Türkiye, paspasının önü ayakkabı dolu bir ev… Türkiye, her akşam döndüğümüzde yine ‘bizden biri’nin öldüğünü öğrendiğimiz bir ev… Ne çok ölümüz var. Ne gözyaşı yetiştirebiliyoruz artık, ne dua.
Vapura biniyoruz. Çoktan beridir değişti ama bize göre bütün vapurların ismi hâlâ Turan Emeksiz. Eve geliyoruz. Elmas Teyze akşamın ayazında yine balkonda. Oğlu Hayrettin’i bekliyor. Hayrettin Eren yemeğe geç kalalı 34 yıl oluyor. İçeri giriyoruz. Koltuğun üstünde Uğur’un küçücük kazağı, portmantoda Hrant’ın ayakkabıları, kitaplıkta Metin’in fotoğraf makinesi. Tam da Sabahattin Bey’in ‘Hep Genç Kalacağım’ adlı kitabının önünde. Mutfakta Saliha Teyze Ceylan’a makarna pişiriyor, yanında Emine Teyze, oğlu Hasan’a balık ayıklıyor. “Azcık geç kaldı ama balıklar kızarasıya gelir” inanıyor.

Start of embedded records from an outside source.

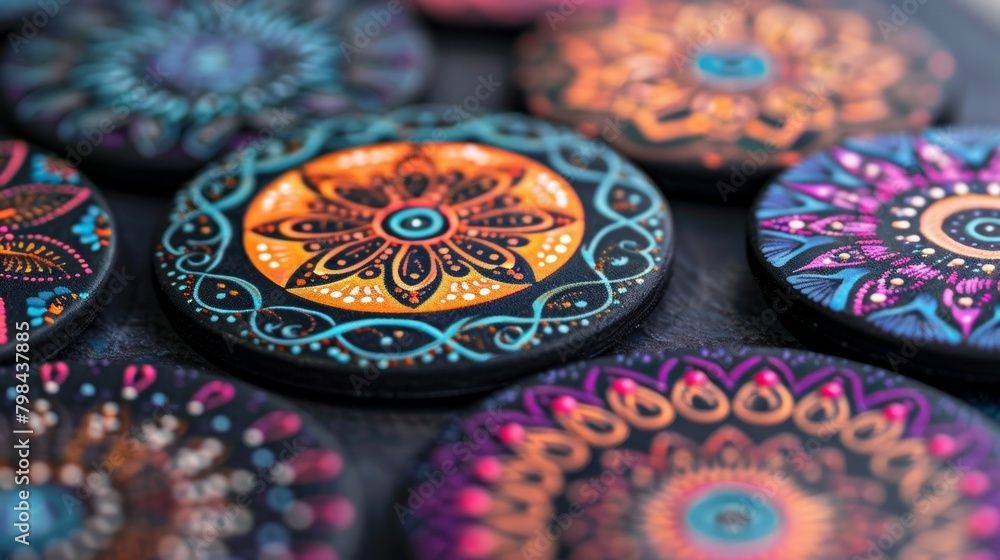 Aufkleber a set of personalized coasters each one uniquely decorated with intricate patterns and colors..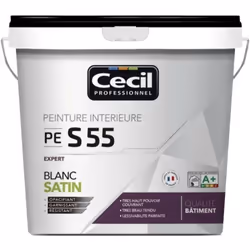 La Peinture satinée CÉCIL PE S55 Blanc est peinture professionnelle blanc SATIN expert pour une finition très soignée. Excell ...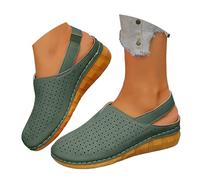 Genérico sandalias,cuñas negras,Women's Sandals With Closed Toe And Buckle Closure For Beach Casual Wear In Plus Sizes Zapatos Dorados (Green, 36)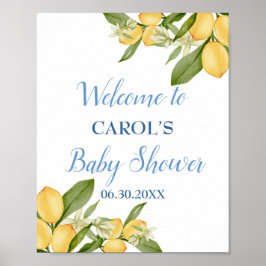 Baby Boy Positano Lemons Blue Baby Dusche Willkomm Poster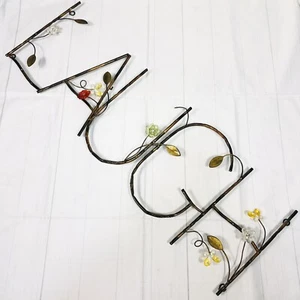 Vintage METAL WALL Hanging Outdoor/Indoor Home Decor Brown 37” x 12” Crystal - Picture 1 of 12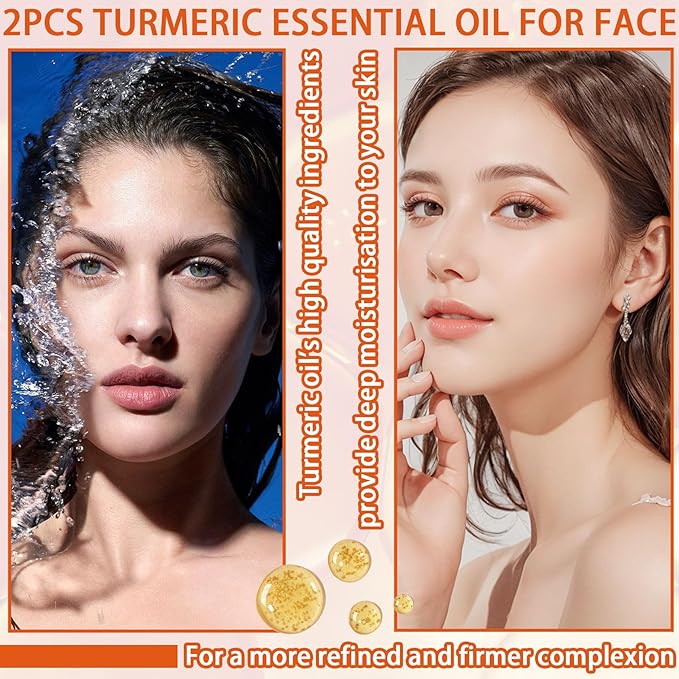 Turmeric Essential Oil for Face,Moisturizing Turmeric Face Serum Skincare,Hydrating Turmeric Facial Serum for Women and Men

Teypte hep aynı kaset dönüyor. Hasret, sakin akan berrak sulara benzeyen güzel sesiyle söylüyor: Ölüm denizin kıyısında anacığım… Duvarda, bir çerçevenin içinde, Hatice Teyze’nin, oğlu Onur Yaser’e attığı son mesaj asılı: Oğlum 22.45’te yola çıktık. Yoldayız, geliyoruz. Duymuyor musun çocuğum, niye telefonu açmıyorsun anacağım?
Salonda Festus’un, Ali İsmail’in, Taylan’ın, Bahriye Hanım’ın, Uğur Bey’in, Ethem’in, Abdullah’ın, Musa Bey’in, Medeni’nin, Mehmet’in, annesi Fadime Teyze’nin, İrfan Bey’in… fotoğrafları yan yana duruyor.
Ne kadar çok ölümüz var. Ayakkabılar kapıya, fotoğraflar duvarlara sığmıyor. İçimiz kocaman bir taziye evi. Artık bu evde ne mendiller, ne yemeni uçları, ne kolonyalar, ne bardaklar yetiyor.